Größere Gefahrstoffmengen müssen in speziellen Gefahrstofflagern unter Berücksichtigung sicherheitstechnischer Anforderungen gesichert werden. Lagern Gefahrstoffe in Sicherheitsschränken mit einer definierten Feuerwiderstandsfähigkeit, erfüllt dies die sicherheitstechnischen Anforderungen nach Gefahrstoffverordnung und der Technischen Regel für Gefahrstoffe (TRGS) 510.

Sicherheitsschränke

Will man innerbetriebliche Transportwege kurz halten und nicht ganze Räume zu Gefahrstofflagern ausbauen, gibt es einen einfachen Ausweg: den Sicherheitsschrank. Sicherheitsschränke eignen sich für die sichere Aufbewahrung von kleineren Mengen brennbarer Gefahrstoffe sowie Gasbehältern, wie Druckgasflaschen oder Aerosolpackungen (Sprühdosen). Sie verhindern den schnellen Temperaturanstieg im Inneren und dadurch die Brandausbreitung, bei Gasen die Explosionsgefahr.

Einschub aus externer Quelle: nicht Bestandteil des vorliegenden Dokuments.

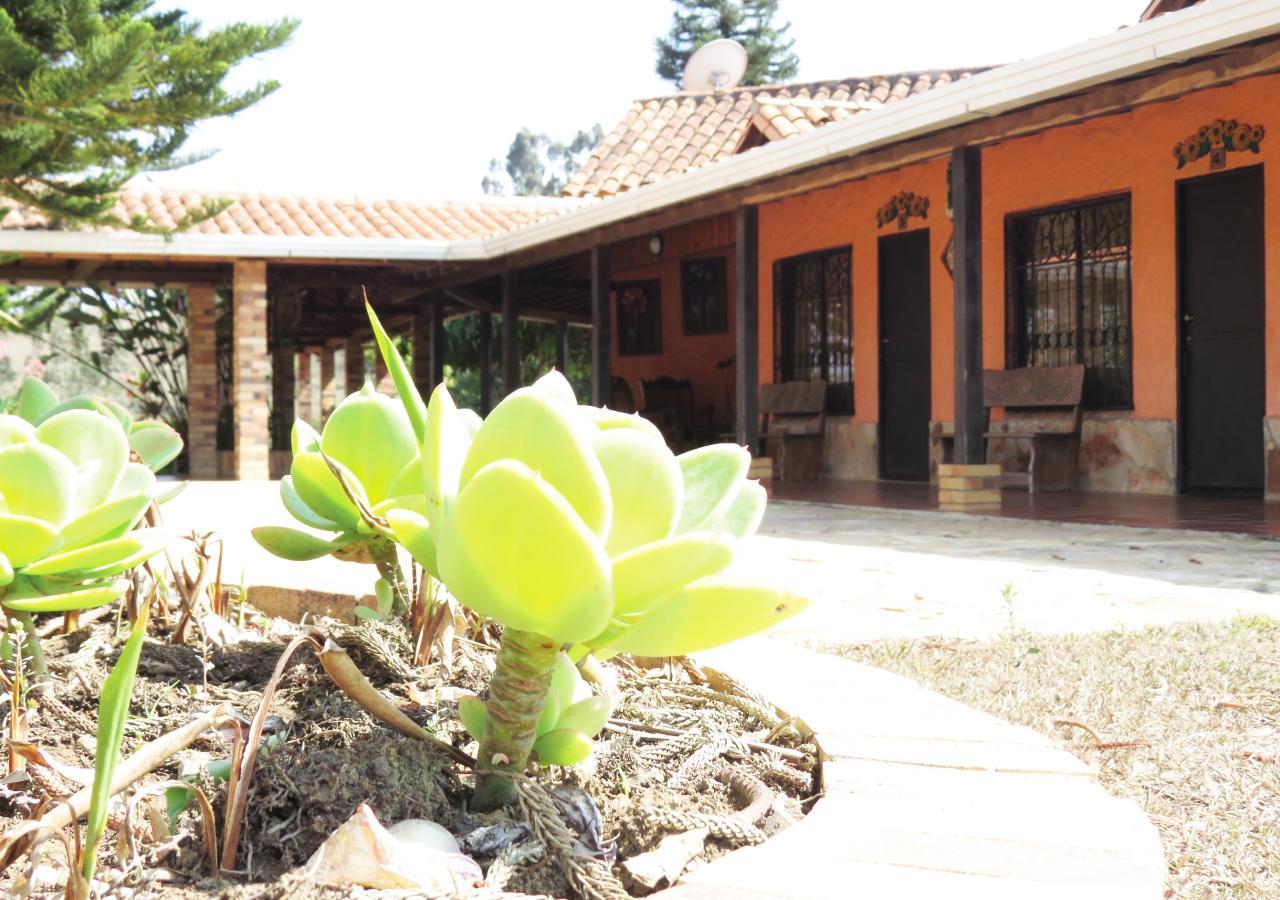 Hotel Cristo Rey Campestre Los Santos  Exterior foto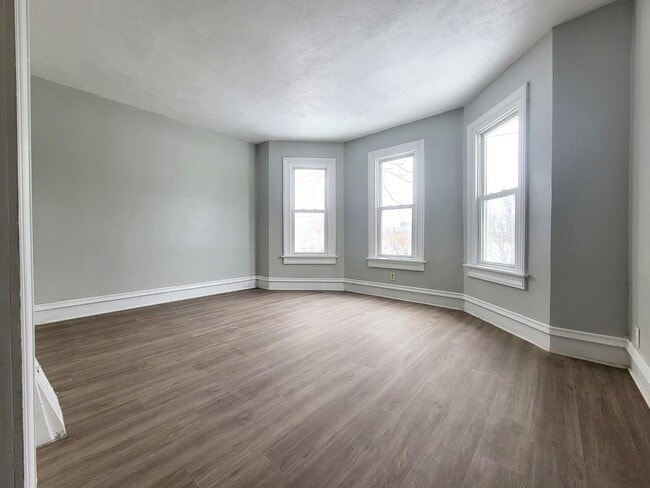 320 Crosby St in Akron, OH - Building Photo - Building Photo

Sicherheitsschränke müssen so beschaffen sein, aufgestellt, betrieben und instandgehalten werden, dass die Sicherheit der Beschäftigten und anderer Personen im Unternehmen – insbesondere vor Gefährdungen durch einen Brand oder eine Explosion – gewährleistet ist (siehe „info“).

Sicherheitsschränke werden je nach ihrer Feuerwiderstandsfähigkeit in verschiedene Typen eingeteilt:

  • Sicherheitsschränke, die eine Feuerwiderstandsfähigkeit von mindestens 90 Minuten aufweisen, entsprechen dem Stand der Technik und gelten als eigener Brandabschnitt.
  • Werden nur geringe Mengen oder wenig brennbare Stoffe gelagert, kann im Rahmen der Gefährdungsbeurteilung auch ein Sicherheitsschrank mit geringerer Feuerwiderstandsfähigkeit ausreichend sein.
  • Als Minimum gilt eine Feuerwiderstandsfähigkeit von mindestens 30 Minuten; dann sind jedoch weitere Schutzmaßnahmen im Arbeitsbereich notwendig.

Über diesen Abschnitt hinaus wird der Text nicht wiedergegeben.